[[ Data below open ]]
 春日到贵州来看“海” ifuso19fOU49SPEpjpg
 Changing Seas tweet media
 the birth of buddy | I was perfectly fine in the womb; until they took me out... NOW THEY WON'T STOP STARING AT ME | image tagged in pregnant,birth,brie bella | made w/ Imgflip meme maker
[[ Data below closed ]]
### Work request
Start at the first line and transcribe the data exactly through the last.

### Response box
 春日到贵州来看“海” ifuso19fOU49SPEpjpg
 Changing Seas tweet media
 the birth of buddy | I was perfectly fine in the womb; until they took me out... NOW THEY WON'T STOP STARING AT ME | image tagged in pregnant,birth,brie bella | made w/ Imgflip meme maker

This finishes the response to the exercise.